Empathy Quotient (EQ: Lawrence, Shaw, Baker, Baron-Cohen, & David, 2004): Finally, we also collected a brief self-report measure of socio-emotional functioning in the SR group. Previous work indicates that, in the typical population, higher scores on the EQ are associated with more advanced face recognition skills (Bate et al., 2010), indicating that enhanced socio-emotional rather than visuo-cognitive processes may sometimes contribute to face recognition performance. Importantly, the EQ does not measure socio-emotional functioning using facial stimuli, but consists of 60 self-report questions. Forty items tap into participant’s level of empathy, whereas 20 filler items (which are not analysed) are included in the scale to distract participants from a continuous focus on empathy.
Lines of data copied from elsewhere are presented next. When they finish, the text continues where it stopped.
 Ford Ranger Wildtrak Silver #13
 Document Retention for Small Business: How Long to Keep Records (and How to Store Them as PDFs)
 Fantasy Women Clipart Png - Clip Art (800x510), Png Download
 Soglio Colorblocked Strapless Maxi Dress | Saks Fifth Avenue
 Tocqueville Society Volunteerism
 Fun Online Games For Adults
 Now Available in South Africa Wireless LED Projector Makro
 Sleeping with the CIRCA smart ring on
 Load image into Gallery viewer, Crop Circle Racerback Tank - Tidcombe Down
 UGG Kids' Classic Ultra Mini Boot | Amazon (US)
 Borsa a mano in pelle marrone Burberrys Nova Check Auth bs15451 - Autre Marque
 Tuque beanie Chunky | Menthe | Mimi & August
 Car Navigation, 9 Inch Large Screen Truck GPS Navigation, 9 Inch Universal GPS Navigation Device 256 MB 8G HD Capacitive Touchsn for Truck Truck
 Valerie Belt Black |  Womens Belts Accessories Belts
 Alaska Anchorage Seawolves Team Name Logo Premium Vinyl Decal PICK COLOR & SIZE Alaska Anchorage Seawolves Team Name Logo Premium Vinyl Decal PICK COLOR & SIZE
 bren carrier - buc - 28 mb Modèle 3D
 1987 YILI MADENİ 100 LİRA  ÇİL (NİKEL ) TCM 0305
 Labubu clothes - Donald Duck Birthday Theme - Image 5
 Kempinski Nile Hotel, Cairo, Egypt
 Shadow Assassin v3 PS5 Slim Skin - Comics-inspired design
There are four response options, and the test has a maximum score of 80. TP, CH, JN, CW and DF performed within one standard deviation of the control norm on this test (see Table 3). One SR, GK, achieved a score significantly higher than the gender-relevant control norm, t(24)

= 2.88, p = .008, Zcc = 2.941, 95% CI [2.020, 3.849]; estimated % population below his score = 99.59. Interestingly, however, this individual achieved scores that were lower than the control mean on both the Ekman 60 Faces and RMITE tests. Hence, enhanced

socio-emotional processing does not seem to boost the recognition of facial socio-emotional expression in GK, although it is possible that it may underpin this individual’s superior facial identity recognition skills.

4.3. Summary of Study 2

This is the first study to examine whether SRs excel at the perception of facial information other than identity. The results suggest that, at least in comparison to the perception of emotional expression, SRs’ abilities are specific to identity-based tasks. These findings argue against the idea that SRs are better at extracting information from faces in general – instead, it appears that SRs are particularly adept at extracting and/or using facial identity information.